Slaveholders who murdered their own slaves were sometimes convicted of murder even in the South. E.g., North Carolina v. Hoover case (1839-1840), where white murderer of a black female slave was convicted by a jury of 12 fellow slaveholders, sentenced to die, lost his appeal to the state's supreme court and was hanged on May 15, 1840, or Alabama v. Jones case (1843), where slaveowner-murderer was sentenced to 10 years of hard labour.

That is, if there is clear evidence (white eyewitnesses, that is) of murder, and our Steve Southron has no witnesses of his own - well, he will, most probably, die, as Vermont jury will be even less sympathetic to him than Southern juries were in similar cases.

And, of course, if Nick (fugitive slave or not) is dead, and Steve's conviction was obtained with due process of law being observed, there are no absolutely no grounds for federal courts to become involved in the case, as Evan rightly said.

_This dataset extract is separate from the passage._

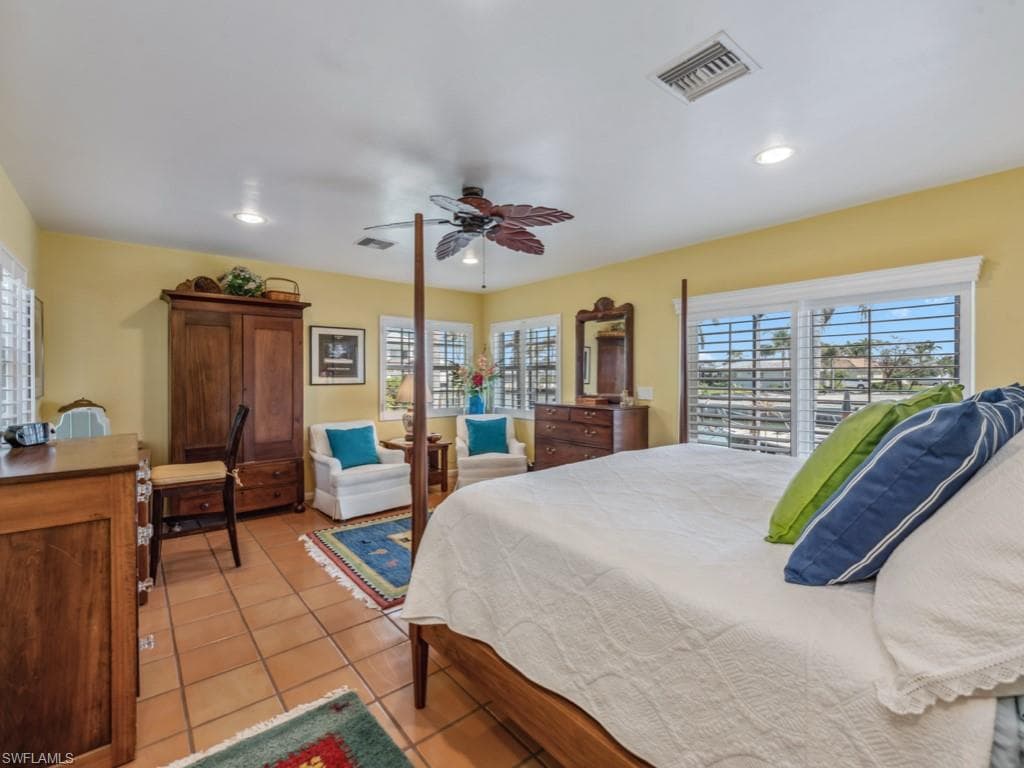 916 Sundrop Ct, Marco Island, FL 34145-29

Murder in Vermont is Vermont's responsibility even today, much more so in 1857.
 
Dred Scott was decided in favor of Scott's putative owner on two grounds:

  1. Scott was (in the opinion of a majority of the court) not a citizen and therefore had no standing to bring suit in federal court.
  2. The law against slavery in the territories in question (the Ordinance of 1820) were (in the opinion of a majority of the court) a violation of the 5th amendment due process clause.
1 does not apply here, since the plaintiff in the original case being appealed to SCOTUS is a prosecutor acting on behalf of the State of Vermont, who unquestionably has standing to prosecute a Vermont murder case. It also makes a difference here that presumably Vermont's appeals courts would have upheld the conviction, whereas the Missouri Supreme Court had ruled against Scott: if the case is decided on grounds of standing in federal court, then it's as if the case had never been appeal to federal court, and the ruling of the state court it was appealed from stands unquestioned.

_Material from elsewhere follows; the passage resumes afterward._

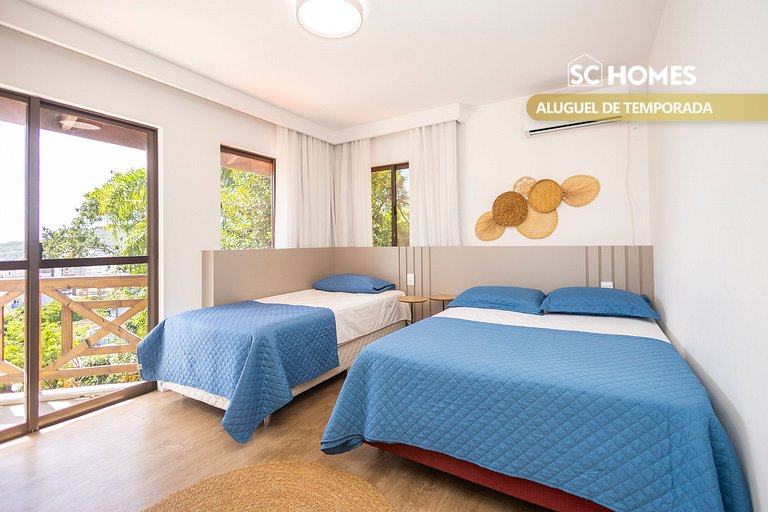 Casa com piscina para até 12 pessoas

2 also does not apply in your hypothetical case. The fifth amendment due process clause applies only to acts of Congress, like most pre-14th-amendment protections in the US Constitution. It was not until the 14th amendment was ratified, with a second due process clause that explicitly applies to all levels of government, plus the incorporation doctrine, that the due process clause and other bill of rights protections were seen as applicable to acts of state governments.